Formula One: Mercedes punish Rosberg for Hamilton crash

LONDON (AFP) - The Mercedes Formula One team disciplined Nico Rosberg on Friday after he accepted responsibility and apologised for a crash with teammate Lewis Hamilton.

The action was announced in a statement after a clear-the-air encounter between the rival teammates at the boardroom of the Mercedes racing headquarters in Brackley, near London.

"During this meeting, Nico acknowledged his responsibility for the contact that occurred on lap two of the Belgian Grand Prix and apologised for this error of judgement," said a statement.

"Suitable disciplinary measures have been taken for the incident."

Hamilton said after that both drivers had accepted they had made mistakes.

With tensions high after Hamilton refused to let Rosberg pass him at the Hungarian Grand Prix this month, Rosberg clipped Hamilton's car on lap two in Belgium.

The Briton suffered a puncture which effectively ended his race. He retired before the end and is now 29 points behind Rosberg with seven races to go.

Hamilton reacted with fury after the crash which took bitterness between the two to a new peak. Team leaders Toto Wolff and Paddy Lowe were at Friday's meeting.

Mercedes did not say what action it ordered, but it did say Rosberg and Hamilton would remain in contention for the 2014 world title.

"Mercedes-Benz remains committed to hard, fair racing because this is the right way to win world championships," said the statement.

"Lewis and Nico understand and accept the team's number one rule: there must be no contact between the team's cars on track.

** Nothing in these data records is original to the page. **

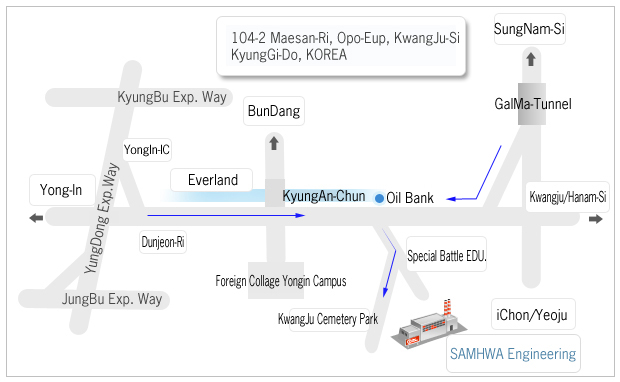 roadmap kor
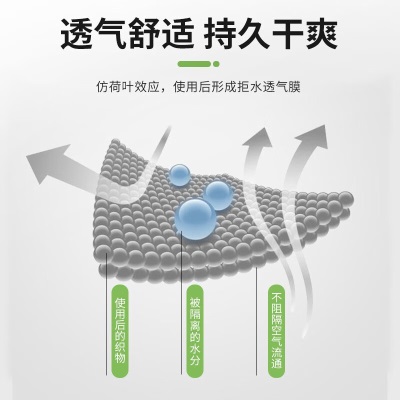 3M思高洁进口去污渍户外防水防晒露营野餐必备不损伤纺织物cbg1 【基础版】防水保护剂310MLp242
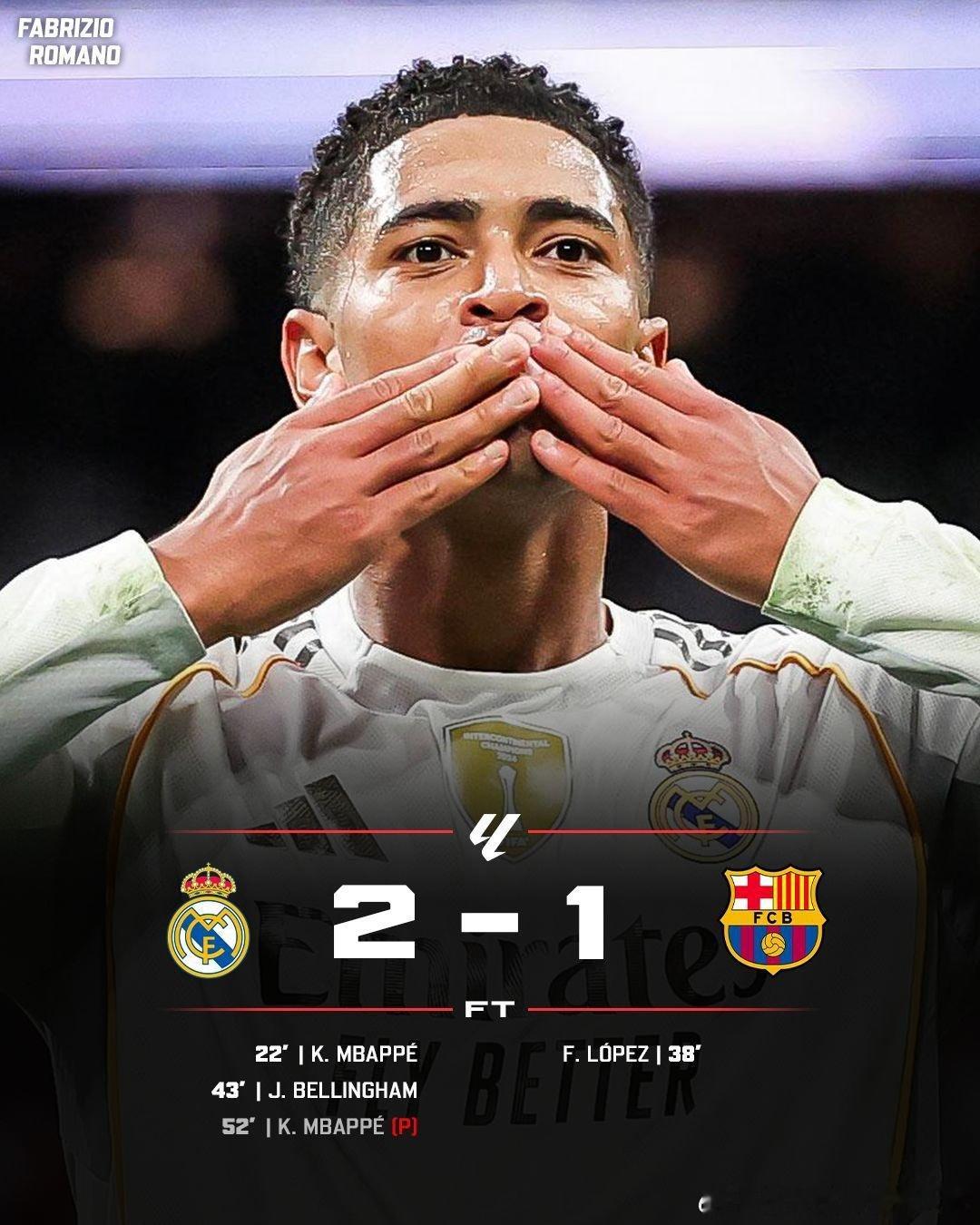 皇马2比1巴萨皇马拉开差距[并不简单]​cr：FolkFootball​​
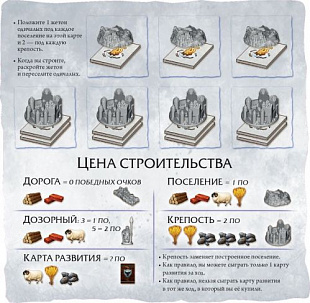 Настольная игра Hobby World Catan: Игра престолов 1793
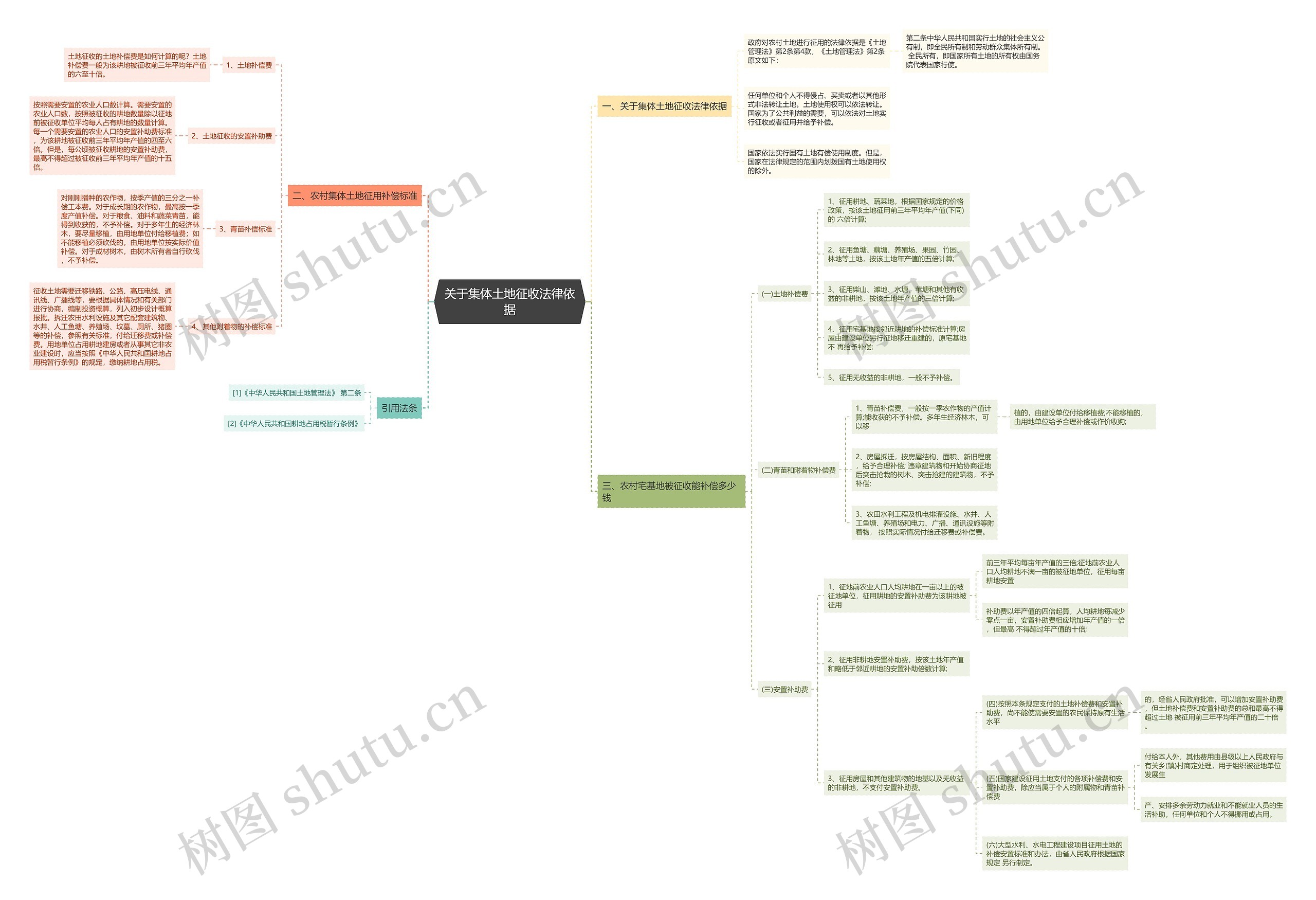 关于集体土地征收法律依据 关于集体土地征收法律依据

"It has been made clear that another such incident will not be tolerated. But Nico and Lewis are our drivers and we believe in them.

"They remain free to race for the 2014 FIA Formula One World Championship."

After a team meeting at the Spa-Francorchamps circuit on Sunday, Hamilton said Rosberg had said he hit him "to prove a point".

"It looked quite clear to me, but we just had a meeting about it and he basically said he did it on purpose."

Rosberg, 29, later denied he had made the confession.

"All I can say is that my view of the events are very different," Rosberg said in a blog comment released Tuesday.

Rosberg finished second in the race and was jeered by some fans when he was on the podium.

Both drivers have said they face a difficult preparation for the next race, the Italian Grand Prix at Monza on Sept 7.

Hamilton indicated on Monday that he no longer trusts his Mercedes team-mate in their future on-track duels.

"Well, when you're out there you have to trust the people to think with their heads and don't do things deliberately," said Hamilton.

But in a message on his website after Friday's meeting, Hamilton said, "Nico and I accept that we have both made mistakes and I feel it would be wrong to point fingers and say which one is worse than the other.

"What's important is how we rise as a team from these situations. We win and we lose together and, as a team, we will emerge stronger.

"There is a deep foundation that still exists for me and Nico to work from, in spite of our difficult times and differences."

Mercedes is worried that the Hamilton-Rosberg rivalry could boil over and cost them the constructor and drivers' titles.

Wolff has already said that Mercedes will re-introduce strict team orders to avoid any repeat incidents that gift victories to their rivals.